Input:
○ ○ ○ ○

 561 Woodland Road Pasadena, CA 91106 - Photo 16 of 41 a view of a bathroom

○ ○ ○ ○

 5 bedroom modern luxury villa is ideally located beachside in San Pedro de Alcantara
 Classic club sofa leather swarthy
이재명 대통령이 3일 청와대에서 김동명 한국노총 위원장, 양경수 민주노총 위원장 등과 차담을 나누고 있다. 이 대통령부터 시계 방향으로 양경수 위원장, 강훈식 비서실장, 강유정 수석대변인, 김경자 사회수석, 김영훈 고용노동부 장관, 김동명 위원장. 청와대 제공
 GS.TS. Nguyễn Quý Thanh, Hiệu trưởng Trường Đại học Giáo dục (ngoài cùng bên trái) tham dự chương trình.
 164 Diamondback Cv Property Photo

○ ○ ○ ○

Exercise prompt: Take the entries above and return only the lines from the one with "5 bedroom modern" to the one with "164 Diamondback Cv Property Photo", both included, unchanged.

Response to the task:
 5 bedroom modern luxury villa is ideally located beachside in San Pedro de Alcantara
 Classic club sofa leather swarthy
이재명 대통령이 3일 청와대에서 김동명 한국노총 위원장, 양경수 민주노총 위원장 등과 차담을 나누고 있다. 이 대통령부터 시계 방향으로 양경수 위원장, 강훈식 비서실장, 강유정 수석대변인, 김경자 사회수석, 김영훈 고용노동부 장관, 김동명 위원장. 청와대 제공
 GS.TS. Nguyễn Quý Thanh, Hiệu trưởng Trường Đại học Giáo dục (ngoài cùng bên trái) tham dự chương trình.
 164 Diamondback Cv Property Photo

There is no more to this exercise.